While the numbers of unsupervised youth crossing the border from Mexico and Central America has begun to wane in recent weeks, the challenges faced by those awaiting their fates in holding facilities along the border are still very real.
As of the end of August 66,127 kids had showed up at the Southwest border without their parents so far this year, an 88% increase from 2013. But this isn’t a brand new problem this year — the numbers have been slowly climbing for the last decade, as political unrest — gangs, cartels, and military coups — have taken hold in Guatemala, Honduras, and El Salvador.
All summer, droves of children made their way to detention facilities in Arizona and New Mexico, many with only their clothing and a piece of paper with the name or phone number of a family member in the United States. The strained facilities, unsure of how to deal with the influx (were they refugees? illegal aliens? asylum seekers?) released many minors to temporary homes and facilities, while rumors trickled back to Central America that chances of getting across were good. Even in the unrelenting summer heat, more came.
When photos leaked in June showing children, some as young as five, packed like sardines in detention facilities that were given only 48 hours of notice of their arrival, there was an uproar in the humanitarian community. Though President Obama had asked for $3.7 billion in supplemental funds to adequately deal with the crisis, Republicans responded with their own appropriations bill, aimed at stemming the flow and returning migrants to their home countries.
As the news turns to Ebola and ISIS, we’re left asking: what happens to these kids?
According to Peg Bowden, a board member of the Border Community Alliance, an organization that focuses on the cultural, economic and humanitarian issues of the Arizona borderlands, federal authorities have begun to transfer minors from detention centers in Arizona to a processing center in New Mexico.
There, she says, minors learn of their fate, sometimes still without due process or legal representation — despite efforts by the ACLU and groups like the Northwest Immigrants Rights Project, who sent lawyers to the Southwest border earlier this summer. Much of the details of individual cases determining who stays and who goes, she says, are still under wraps.

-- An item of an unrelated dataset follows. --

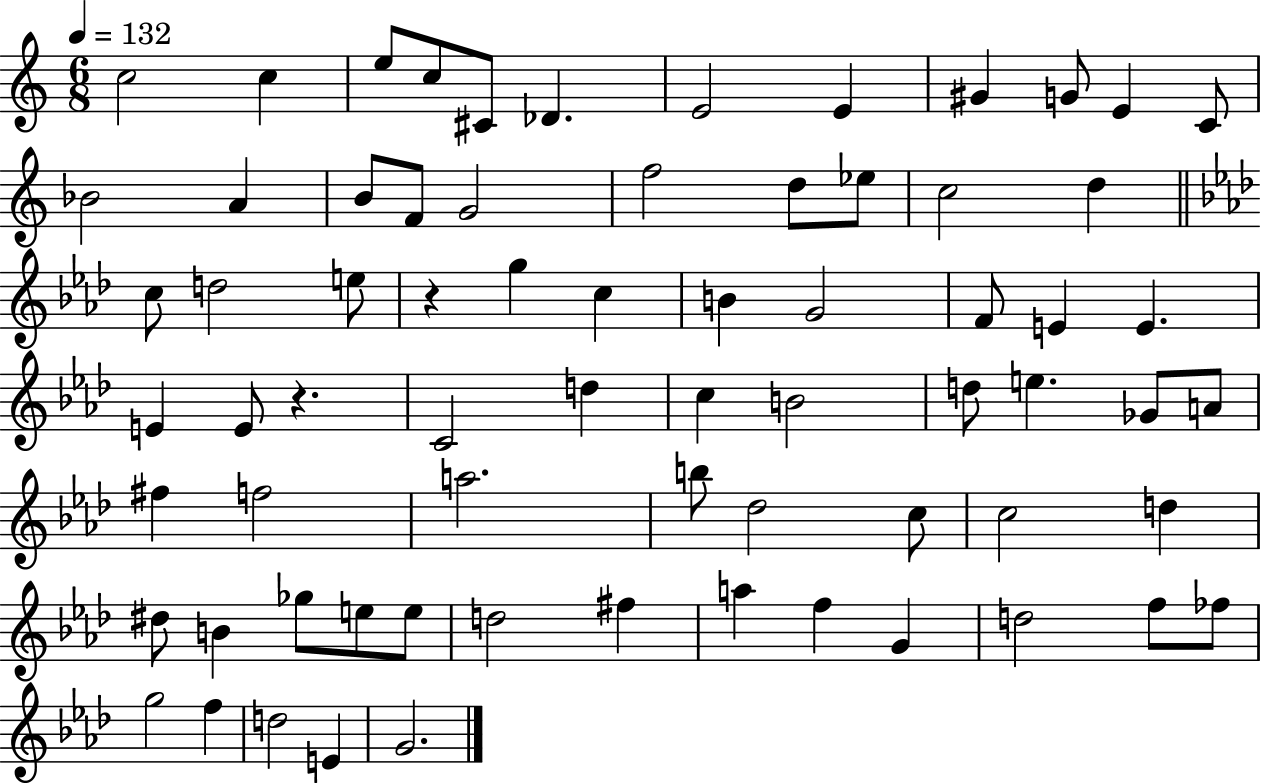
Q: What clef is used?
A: treble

Many Central Americans already living in the U.S. have sent for their children paying prices of anywhere from $4,000 – $7,000 to smugglers, as part of a process known as ‘stage migration’, where one family member immigrates and then works to save up enough money to bring the rest of the family. It can take years before a parent or two can save enough to send for their child to undergo the dangerous journey across the border. By that time, a child may have spent much of their young life without their parents.
Even for those lucky enough to be allowed to remain in the country, the journey doesn’t stop there — non-profits and city governments are scrambling to get them legal help, healthcare, and into schools.
Other young immigrants have arrived on their own accord with no known relatives, or with limited information on their families’ whereabouts. In these cases, youth who are not returned to Central America via a haphazard legal process, are placed with foster parents, like the Dansons. As of August 31st, 310 minors had been placed with sponsors in Washington state.
The Dansons, not yet ready to become empty nesters, were eager to take on a foster youth as the last of their four teenagers prepared to finish high school. Though they didn’t know much about the border issue before they became a part of the foster program with Lutheran Community Services Northwest, they began reading up on the news in order to advocate for the youth in conversations with other Americans.
Though their experience as new foster parents is certainly wrapped in a complex and controversial political context, mostly the Dansons are just trying to be what the kids who endured hell to cross the border need — family.
“We were really excited to open our home to these kids,” wrote Mrs. Danson in an e-mail, noting that their experience raising teenagers made them well prepared for welcoming boys in their late teens, both in need of permanent love and support but also struggling to establish their independence.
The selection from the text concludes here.